Logotyp Wisła Płocka S.A.
Oficjalna strona internetowa
WISŁY PŁOCK S.A.


Powtórzyć wynik z Tarnobrzega!

 

Po pewnym i nie ukrywajmy planowym zwycięstwie z Siarką Tarnobrzeg (4:1) w Pucharze Polski czas wrócić do rozgrywek ligowych. Dzisiaj czeka nas znacznie trudniejsze zadanie niż we wtorek, ale na pewno Wisłę stać na pokonanie Lechii Gdańsk. Tym bardziej, że Nafciarze dobrze radzą sobie w starciach z czołówką tabeli, a odwiedzi nas przecież wicelider. Argumentu, że czas przełamać wreszcie fatum własnego boiska nawet nie trzeba dodawać. Liczymy więc na pierwszą domową wygraną, a na stadionie widzimy się o 18.00.

Niedługo po zakończeniu naszego meczu na murawie zobaczymy piłkarzy Legii Warszawa oraz Arki Gdynia. Na formę mistrzów narzekali wszyscy, ale stołeczna ekipa chyba już wróciła na właściwy tor, co w konfrontacji z Arką stawia ją w roli faworyta. Gdynianie udowodnili już, że umieją wygrać w stolicy, ale tym razem się nie uda i weekend spędzą w kiepskich humorach.

W fatalnych okolicznościach zakończyło się poprzednie rozegrane w Gliwicach spotkanie Piasta z Górnikiem Zabrze. Z powodu awantur na trybunach meczu nie dokończono, a ukarani walkowerem gospodarze do ostatniej kolejki drżeli o ligowy byt. Dzisiaj, w przeciwieństwie do zabrzan, poczynają sobie całkiem, całkiem i na pewno w sobotę o 15.30 zechcą zgarnąć pełną pulę. Mają spore szanse, ale w derbach niczego nie należy wyrokować, niespodzianki są na porządku dziennym.

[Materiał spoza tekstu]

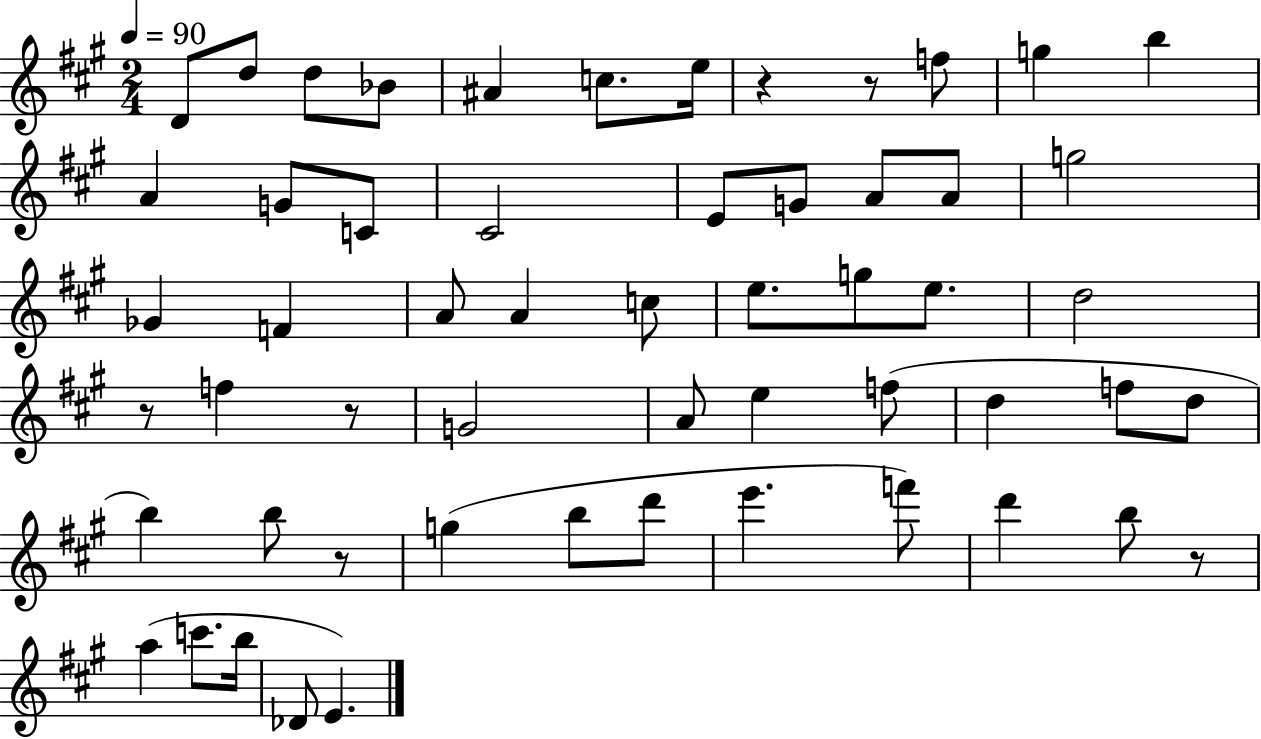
{
  \clef treble
  \numericTimeSignature
  \time 2/4
  \key a \major
  \tempo 4 = 90
  d'8 d''8 d''8 bes'8 | ais'4 c''8. e''16 | r4 r8 f''8 | g''4 b''4 | \break a'4 g'8 c'8 | cis'2 | e'8 g'8 a'8 a'8 | g''2 | \break ges'4 f'4 | a'8 a'4 c''8 | e''8. g''8 e''8. | d''2 | \break r8 f''4 r8 | g'2 | a'8 e''4 f''8( | d''4 f''8 d''8 | \break b''4) b''8 r8 | g''4( b''8 d'''8 | e'''4. f'''8) | d'''4 b''8 r8 | \break a''4( c'''8. b''16 | des'8 e'4.) | \bar "|."
} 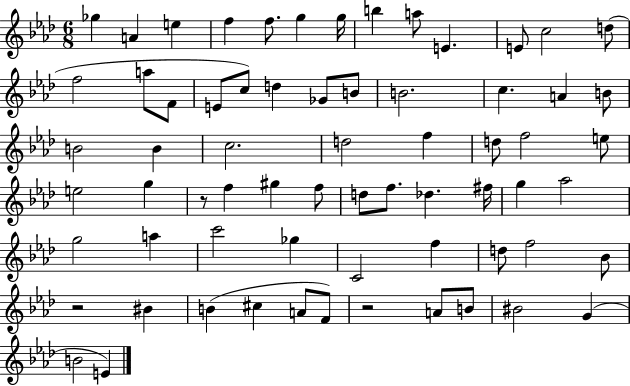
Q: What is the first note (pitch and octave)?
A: Gb5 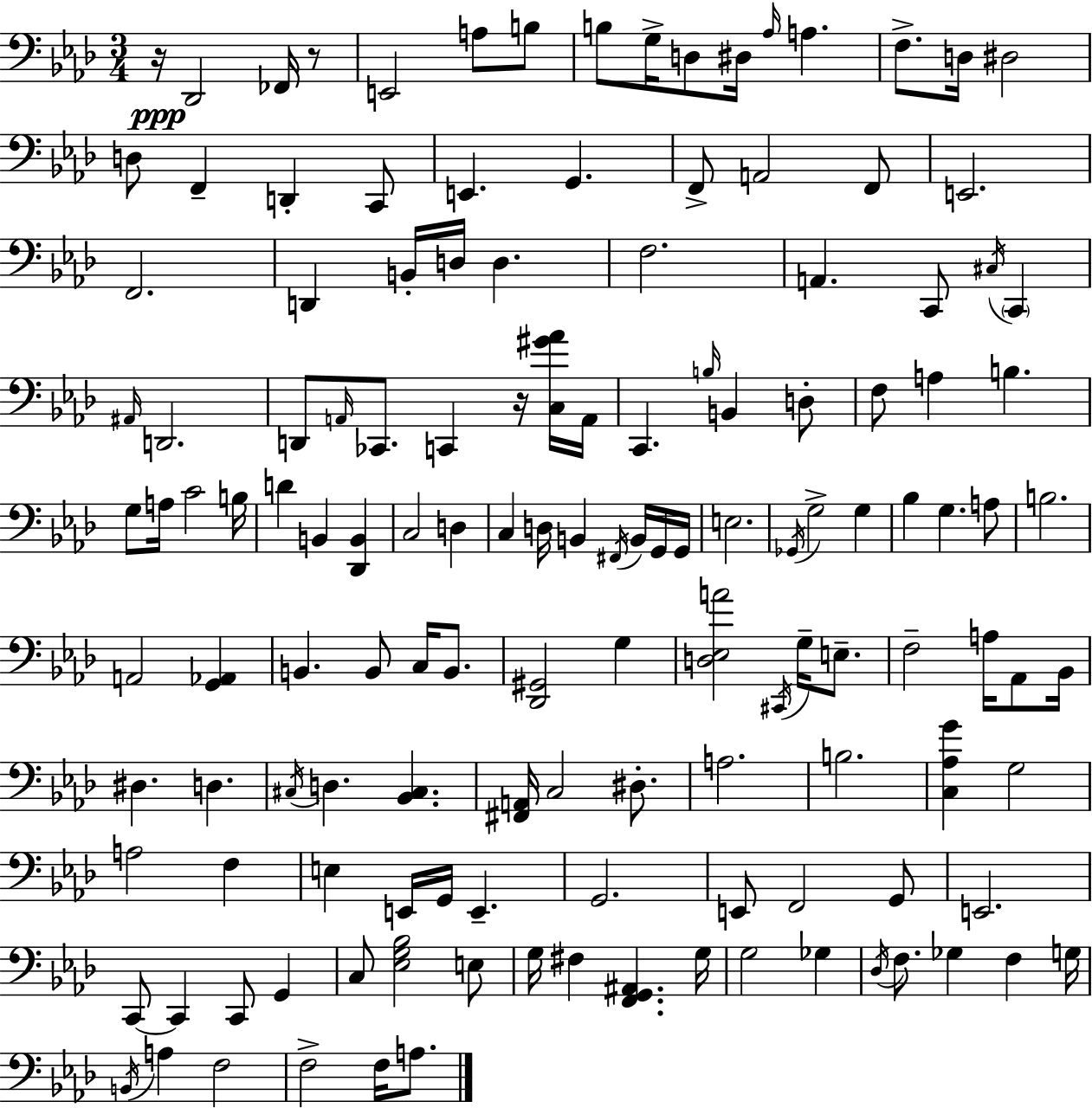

Opromieniona pierwszym w sezonie zwycięstwem Pogoń Szczecin uda się w daleką podróż do Lubina. Gospodarze przed tygodniem pokazali wykuty z miedzi charakter odrabiając trzybramkową stratę w Gdańsku. Tym razem też liczą na trzy... punkty. I prawdopodobnie je zainkasują, ale po ciężkiej przeprawie.

Sobotni wieczór w Krakowie spędzić można na wiele sposobów. Na przykład na stadionie Wisły, który gościć będzie ekipę Korony Kielce. Biała Gwiazda zajmuje miejsce na ligowym podium, Korona jest siódma, ale drużyny dzielą zaledwie dwa punkty. Dlatego żelaznego faworyta nie ma, tym bardziej, że gospodarze po serii bardzo dobrych występów - w Szczecinie zaprezentowali się cieniutko. Kielczanie natomiast pewnie pokonali Zagłębie Sosnowiec. Stawiamy na remis.

Pojedynek „na szczycie” rozegrają w niedzielę o 15.30 gracze Zagłębia Sosnowiec i Cracovii. Stawką jest nie tylko opuszczenie ostatniego miejsca w tabeli, ale może nawet strefy spadkowej. Własne boisko powinno być atutem Zagłębia, lepszy skład i większe doświadczenie są po stronie Pasów. Niech więc padnie remis, idealny z perspektywy naszych interesów.

Wysokiej porażki doznała Miedź Legnica przed tygodniem. Oprawcą Miedzianki byli mistrzowie Polski z Warszawy. W niedzielę o 18.00 beniaminek zmierzy się w Poznaniu z innym potentatem ekstraklasy – Lechem. I wcale nie stoi na straconej pozycji. Gra bowiem bardzo przyzwoitą, miłą dla oka piłkę. Gorzej prezentuje się w defensywie, tyle że Kolejorz ostatnio, mówiąc łagodnie, nie zachwyca i nie stwarza wielu okazji do zdobycia goli. Niespodzianka, którą byłby inny wynik niż wygrana gospodarzy, wcale nie jest więc wykluczona.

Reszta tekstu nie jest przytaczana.